Ministral 3B / 8B
Last reviewed
Jun 8, 2026
Sources
5 citations
Review status
Source-backed
Revision
v1 · 1,473 words
Improve this article
Add missing citations, update stale details, or suggest a clearer explanation.
Last reviewed
Jun 8, 2026
Sources
5 citations
Review status
Source-backed
Revision
v1 · 1,473 words
Add missing citations, update stale details, or suggest a clearer explanation.
Ministral is a family of two small language models released by the French artificial intelligence company Mistral AI on October 16, 2024. Marketed under the wordplay name "les Ministraux," the family consists of Ministral 3B and Ministral 8B, named for their approximately 3 billion and 8 billion parameters. The release marked the first anniversary of Mistral 7B, the model that established Mistral AI as a leading open-weight developer. Both Ministral models target on-device and edge AI use cases, including local inference, privacy-sensitive applications, low-latency assistants, and lightweight agentic sub-tasks such as function calling within larger pipelines.[1][2]

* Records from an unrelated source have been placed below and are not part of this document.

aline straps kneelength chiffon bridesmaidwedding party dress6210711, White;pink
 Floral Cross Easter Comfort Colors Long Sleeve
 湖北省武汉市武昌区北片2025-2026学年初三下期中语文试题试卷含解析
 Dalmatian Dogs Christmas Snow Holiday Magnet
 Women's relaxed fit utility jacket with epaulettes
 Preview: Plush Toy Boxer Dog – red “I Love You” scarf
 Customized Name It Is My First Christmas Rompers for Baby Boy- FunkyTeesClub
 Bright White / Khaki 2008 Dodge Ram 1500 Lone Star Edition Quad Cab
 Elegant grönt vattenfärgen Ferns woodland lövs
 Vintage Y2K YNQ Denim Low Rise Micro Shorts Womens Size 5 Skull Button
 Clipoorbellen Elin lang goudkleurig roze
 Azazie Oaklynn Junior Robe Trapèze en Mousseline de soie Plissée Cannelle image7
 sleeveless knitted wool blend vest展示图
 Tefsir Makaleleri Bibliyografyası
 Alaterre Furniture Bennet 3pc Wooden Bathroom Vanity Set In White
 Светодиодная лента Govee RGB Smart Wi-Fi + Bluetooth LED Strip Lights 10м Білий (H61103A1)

The Ministral models occupy the smallest tier of Mistral AI's lineup, sitting below mid-sized and frontier models such as Mistral NeMo and Mistral Large. Mistral positioned the pair for what it described as a growing demand for "local, privacy-first inference for critical applications," citing examples such as on-device translation, internet-less smart assistants, local analytics, and autonomous robotics.[1] Beyond standalone deployment, Mistral promoted the models as efficient intermediaries inside agentic workflows, where a small model can perform input parsing, task routing, and API function-calling at low latency and cost before handing more demanding work to a larger model.[1]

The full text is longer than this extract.